Jorge Leberg
Palavras valem por mil imagens
A Odisséia é atribuída, de acordo com a antiguidade, ao poeta grego Homero. Quase nada se sabe sobre Homero. Supõe-se que tenha vivido no século VIII a.C. em Quios. Segundo a tradição, Homero era cego. Também lhe é imputada a autoria da Ilíada; juntas, Ilíada e Odisséia são os dois grandes poemas épicos da antiguidade ocidental, até hoje duas das maiores obras-primas da literatura universal de todos os tempos, irrefutavelmente. A importância das duas epopéias não só para o campo fundamentalmente artístico-literário, mas igualmente para a filosofia, a psicologia e a antropologia, é sobremodo ímpar.
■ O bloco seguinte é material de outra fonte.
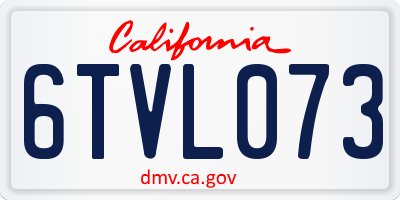 CA license plate 6TVL073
Ainda retornando à autoria dos dois grandes poemas, é imprescindível transcrever os seguintes trechos, os dois primeiros extraídos do breve prefácio explanatório do livro (Editora Cultrix):
A Ilíada e a Odisséia são relatos de narrativas heróicas preexistentes na História e na mitologia grega. O que ocorreu foram as compilações dessas histórias, até então transmitidas oralmente. E não se tem certeza se Homero realmente existiu, sendo seus poemas registrados de forma escrita mais tarde, ou se nunca houve Homero, mas sim vários aedos que cantavam as epopéias, nenhum deles destacando-se em particular. É uma incógnita.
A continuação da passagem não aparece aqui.